Coastlines will be threatened by rising sea levels; fragile ecosystems such as coral reefs and mangrove wetlands will be at risk. There’s likely to be an increase in land degradation and loss. Flooding is tipped to increase and tropical cyclones are likely to intensify. Taken as a whole the impacts will be overwhelmingly detrimental, even devastating for already vulnerable communities. Villagers on small island Pacific states are in the firing line of climate change.
But so are the residents of many of the Asian mega cities, such as Jakarta, or countries like Bangladesh where even a modest rise in sea-levels could permanently displace tens of millions of people. Already on the edge, living on minuscule incomes, lacking many of the things we take for granted like clean water, education or access to good quality healthcare, vulnerable lives are going to become ever more so.

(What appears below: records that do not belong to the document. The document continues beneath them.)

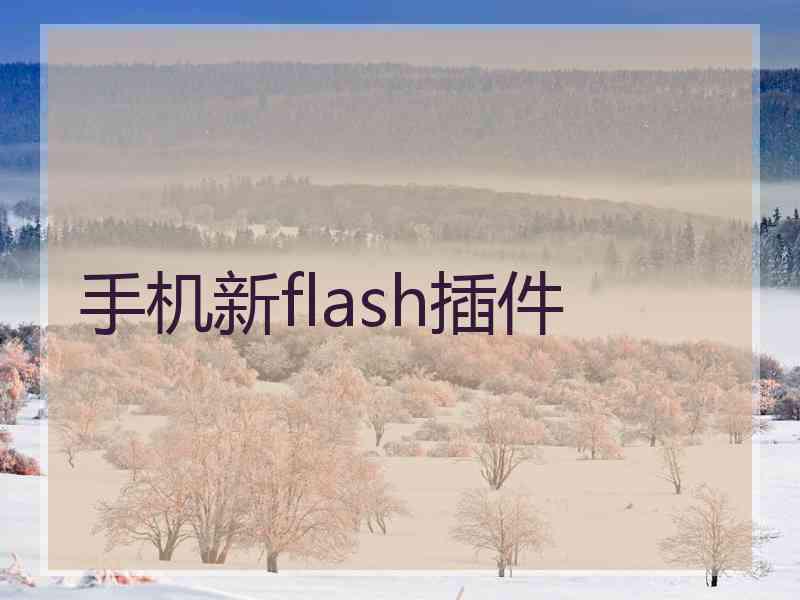 手机新flash插件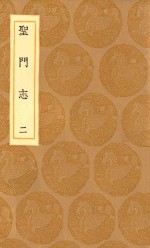 丛书集成初编 3319 圣门志 2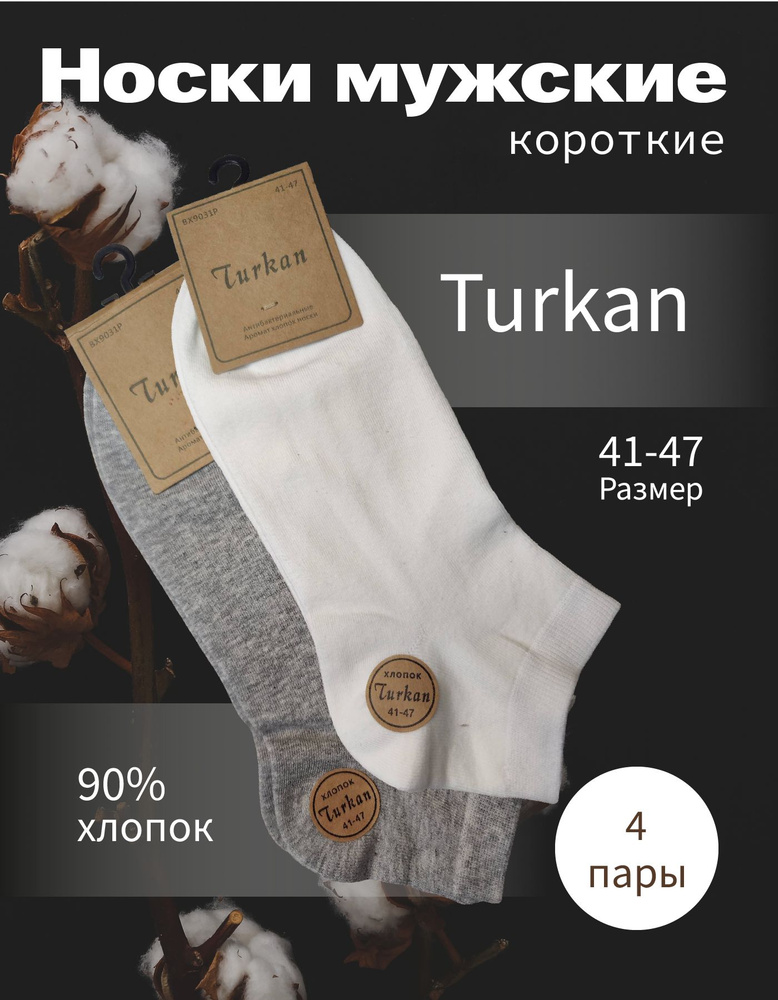 Носки Turkan, 4 пары #1
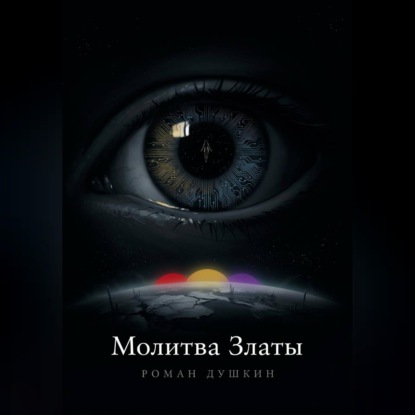 Скачать книгу Молитва Златы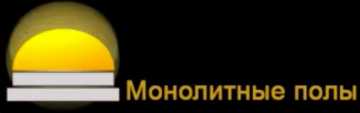 участок Монолитные полы ЗАО "Инженерные сети"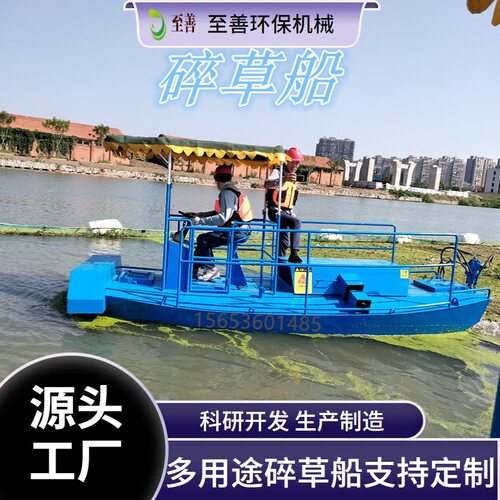 小型水草水葫芦粉碎船 河道水面碎草船  漂浮物打捞船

Being concerned about the plight of vulnerable communities affected by climate change is not just a moral question for Australians, important though that is. Don’t forget most of Australia’s exports go to countries in the Asia-Pacific region. A decline in living standards in Asia and the Pacific will result in a decline in living standards of Australians.
So what are the solutions? The Commonwealth Government should listen carefully to the findings of the Stern Review and set even more ambitious targets to reduce the nation’s greenhouse gas emissions.
The Stern report makes clear that the cost of action now will be dwarfed by the longer term cost of inaction. And the implications of inaction will be enormous for all Australians - including aid agencies compelled to respond to more and worsening natural disasters.
The choice is simple - invest more now in reducing greenhouses gases or pay a fantastical price in a decade or so. All Australian companies and organisations - including my own - need to act now within their spheres of influence to prevent climate chaos and promote sustainable development and growth.
The critical factor in all this however is visionary and decisive leadership from governments. Vision requires thinking and acting beyond three-year electoral cycles to provide global solutions to a global problem. Decisive means demonstrating the leadership and political will to take what may be hard decisions for our generation for the benefit of future generations.
Australia is a regional economic powerhouse and has a responsibility to assist its poorer neighbours to tackle climate change. Greater investment is needed from aid agencies to help vulnerable communities prepare for the likely increase in natural disasters such as flooding. Our overseas aid program should foster greater use of renewable and more efficient energy sources in developing countries. Furthermore, Australia’s immigration program should be reviewed to look at ways it could support communities displaced by some of the worst effects of climate change.
The world is faced with an unprecedented threat. And it’s the world’s poor, including those in our region, who will suffer the most. Australia must respond with regional initiatives that go beyond its borders.